Nada es cómo se espera en Culver
Creek y junto con su pandilla, emprenderá elaboradas y tremendas travesuras,
aprenderá de los placeres de beber y fumar por primera vez, e incluso, se
iniciará en los bastos parajes de aquello que las personas llaman “sexo”. Sin
embargo, y mientras todos se arrastran en la típica vida del colegio, entre
clases y almuerzos misteriosos, Miles quedará flechado por su magnética amiga Alaska,
una chica digna de un paradigma que arrasa con todos a su alrededor para hacer
la vida un poco más soportable.
Alaska será el principio de una
serie de eventos que llevarán a Miles a replantearse todos los objetivos en su
vida hasta ahora y que al final, le harán saber que todo tiene que ver con
olvidar lo que nos lastima y solamente guardar en nuestro interior lo que mejor
nos haga sentir con nosotros mismos.
Buscando a Alaska es una novela
dirigida al público juvenil, aunque sus metáforas y diálogos cargados de
deliberada pasión, la hacen perfecta para lectores de todas las edades, de
nuevo, este libro nos lleva a replantearnos qué estamos haciendo con nuestra
vida y si acaso nuestras decisiones han sido las correctas; nos hace añorar
aquellos años en el colegio, cuando éramos libres de comernos el mundo e
imaginar que las cosas por si solas, eran posibles (nadie dice que aún no lo
son).
John Green nos deslumbra con su primera novela y nos deja queriendo saber más, muchísimo más, acerca del joven Miles y su tentativo Gran quizá.

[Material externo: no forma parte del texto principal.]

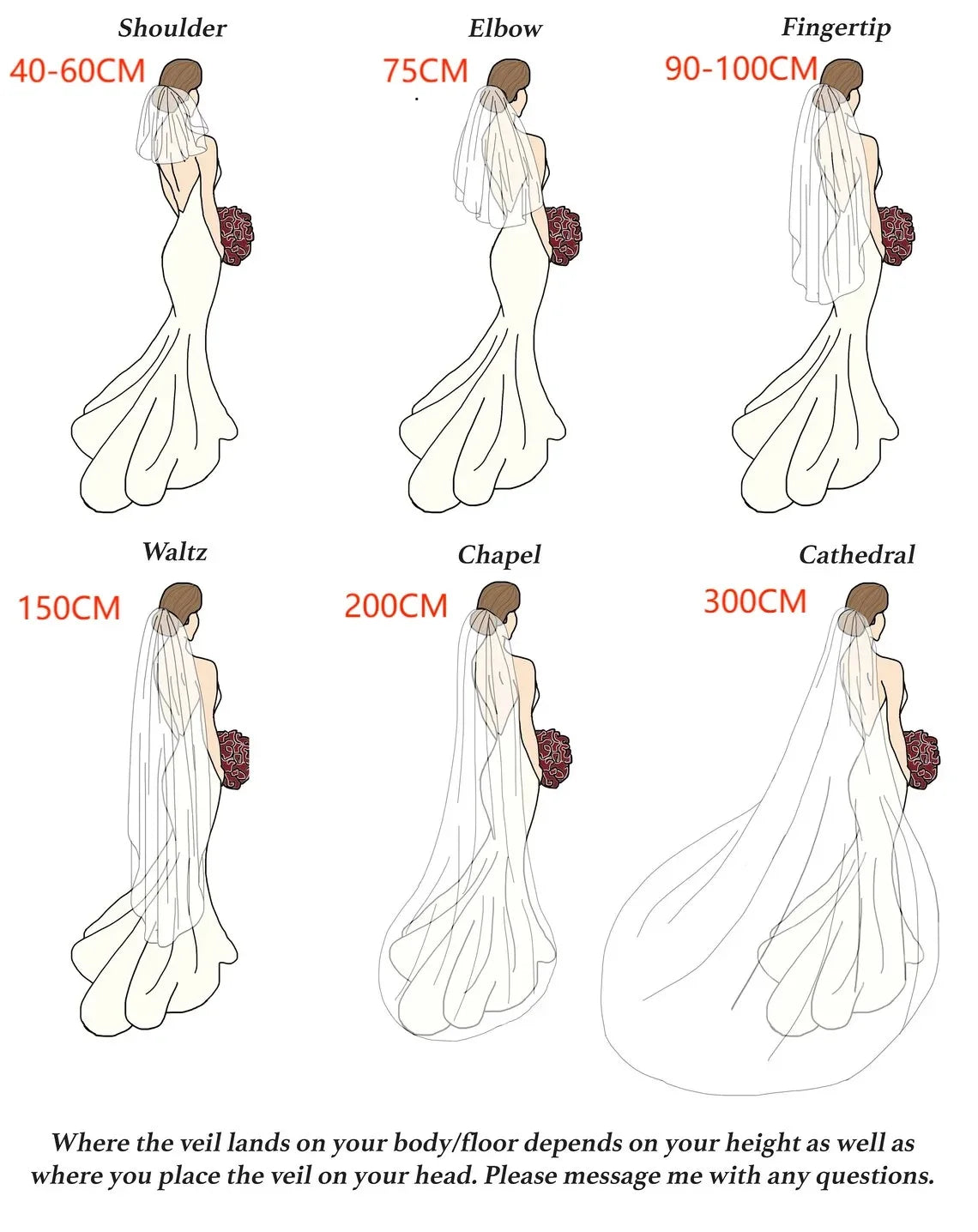 TOPQUEEN V69 Wedding Veil Fingertip Veil Two Tier Minimalist Bride Veil with Blusher Bridal Veils with Comb Dress Veil for Bride
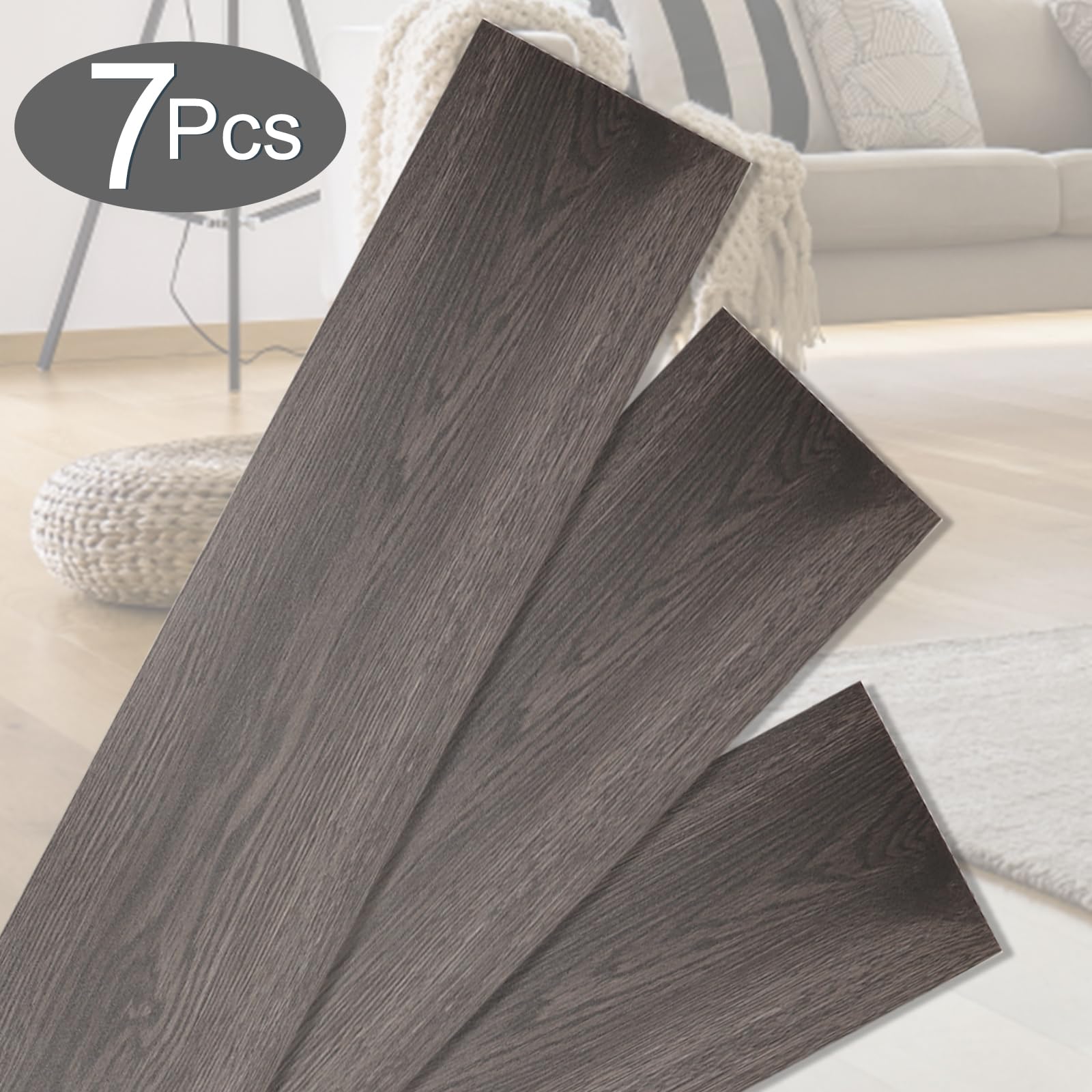 Eulenke PVC Bodenbelag Selbstklebend Vinylboden ca.0.99 m², Rutschfeste Dekor, Selbstklebende Dielen für Fußbodenheizung, Wasserfest Schwer Entflammbar Holzoptik(7 Fliesen, Eiche Nacht)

John Green nos deslumbra con su primera novela y nos deja queriendo saber más, muchísimo más, acerca del joven Miles y su tentativo Gran quizá.
Si bien no es un libro aceptado por todos, llega un punto cuando le encontramos sentido y señalamos emocionados con nuestros dedos índices su portada, exclamando “¡Ya lo tengo!”. Una novela que nos deja muy en claro que de nada nos sirve idealizar un universo en donde, a fin de cuentas, vamos a despertar tarde o temprano para enfrentar nuestros actos.